The Delhi High Court on Wednesday set aside a single-judge order that had directed music director A R Rahman and the makers of Ponniyin Selvan 2 to deposit ₹2 crore in a copyright suit filed by Ustad Faiyaz Wasifuddin Dagar. The suit alleged that the film song “Veera Raja Veera” infringed a traditional Dhrupad composition known as “Shiva Stuti”.
What the single-judge had ordered earlier
In an April 25 order, a single-judge of the Delhi High Court had accepted Ustad Faiyaz Wasifuddin Dagar’s interim contention and directed Rahman, Madras Talkies and the co-producers to deposit ₹2 crore with the court and pay ₹2 lakh in costs. That order had also directed changes to online credits and granted other interim reliefs before being stayed and later revisited on appeal.
Bench reasoning: Dagar brothers were performers, not authors
A division bench of Justices C. Hari Shankar and Om Prakash Shukla allowed Rahman’s appeal and stressed that the junior Dagar brothers — whose performances of “Shiva Stuti” were relied upon by the plaintiff — could not be treated, even prima facie, as the composers or authors of the work merely because recordings and performance credits existed. The bench found that treating performance as a presumption of authorship would be a fundamental error of principle. (Hindustan Times)

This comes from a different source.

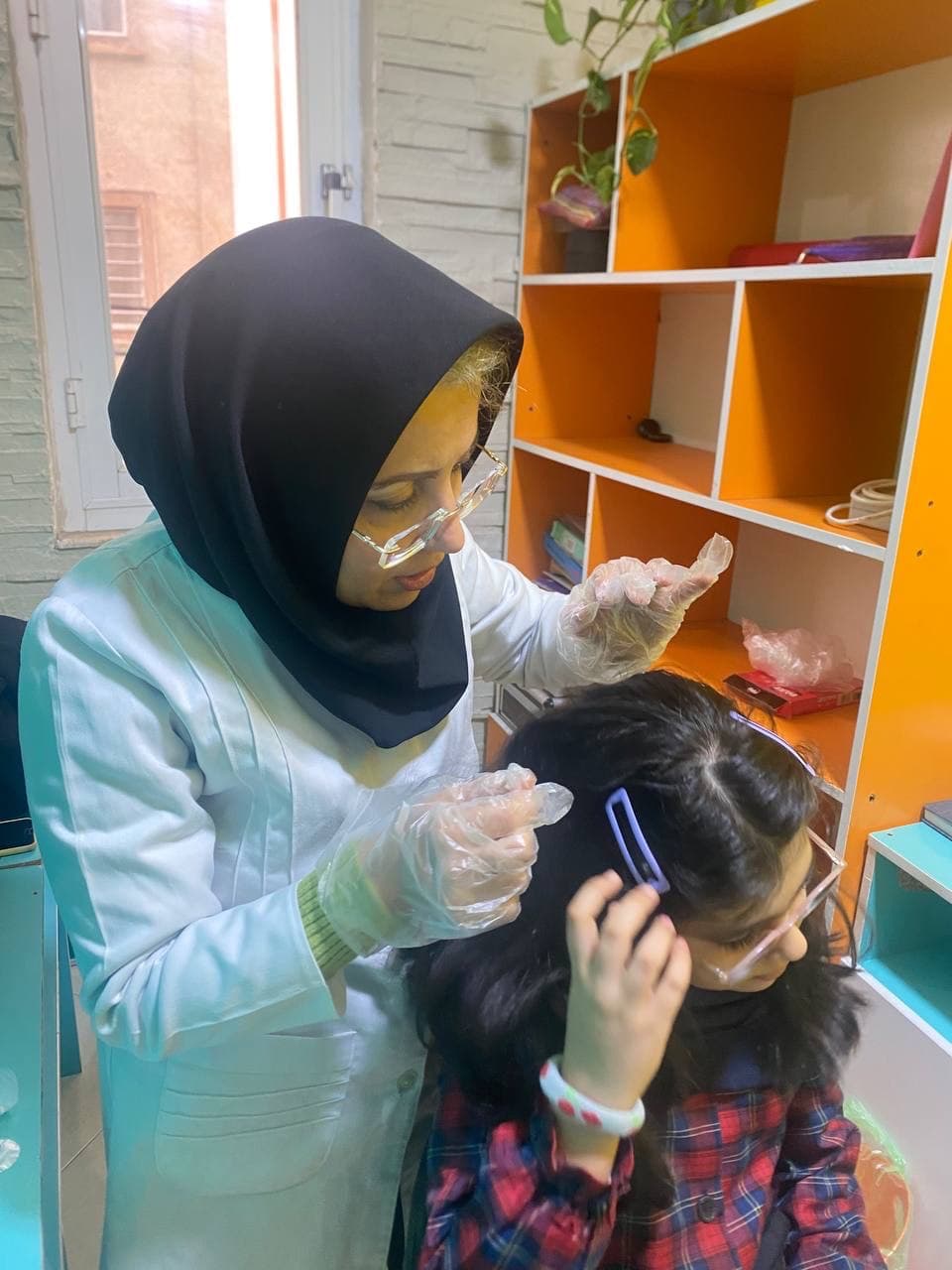 معاینات دوره ای مو توسط مربی بهداشت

Court on authorship, tradition and the law
The court emphasised that “Shiva Stuti” forms part of the Dagarvani tradition of Dhrupad, a body of oral and family-transmitted repertoire, and held that attributing exclusive authorship to the junior Dagar brothers would be inconsistent with the object and structure of copyright law. The judges observed that to equate mere performance or fixation with authorship would effectively rewrite the statutory definitions in Section 2(d)(ii) and Section 2(ffa) of the Copyright Act — an outcome the bench rejected.
Plaintiff’s case and the disputed evidence
Ustad Faiyaz Wasifuddin Dagar had argued that recordings and a CD inlay from a performance at the Royal Tropical Institute, Amsterdam, established the junior Dagar brothers as authors of “Shiva Stuti”. The single judge had relied on such material to reach a prima facie conclusion of authorship. The division bench, however, held that presence of performance recordings and cover pages does not, without more, establish compositional authorship.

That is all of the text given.